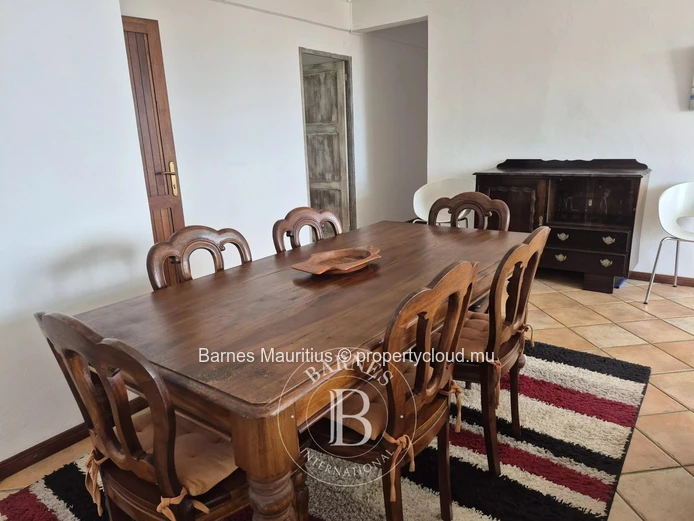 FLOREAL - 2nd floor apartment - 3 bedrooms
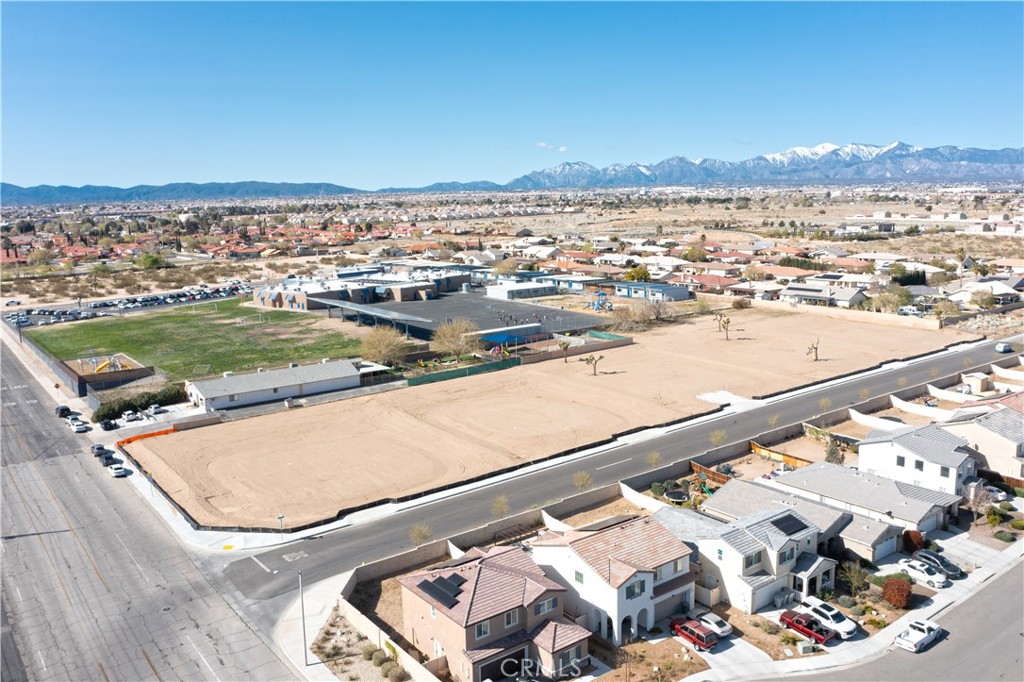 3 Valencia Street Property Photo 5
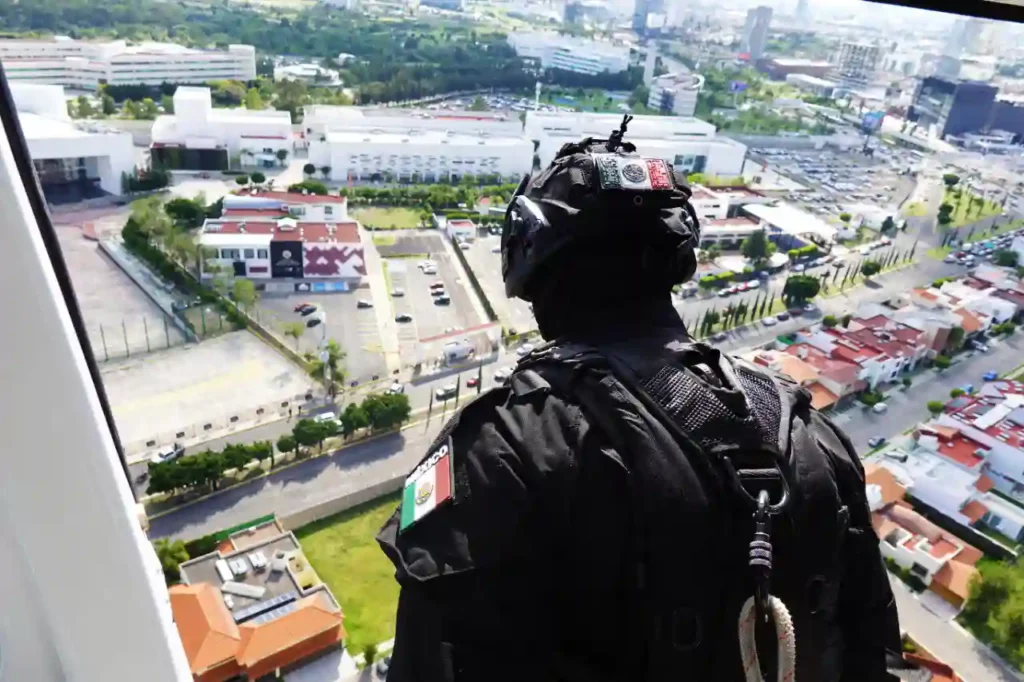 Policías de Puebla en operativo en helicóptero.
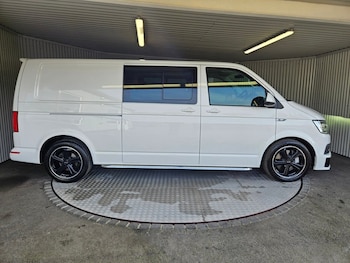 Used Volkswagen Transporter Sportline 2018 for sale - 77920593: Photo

========

- EXERCISE DIRECTIONS
The lines from the one holding "3 Valencia Street Property Photo 5" through the end of the material above are to be echoed exactly, both ends included. Do not include pictures.

- FINAL ANSWER
 3 Valencia Street Property Photo 5
 Policías de Puebla en operativo en helicóptero.
 Used Volkswagen Transporter Sportline 2018 for sale - 77920593: Photo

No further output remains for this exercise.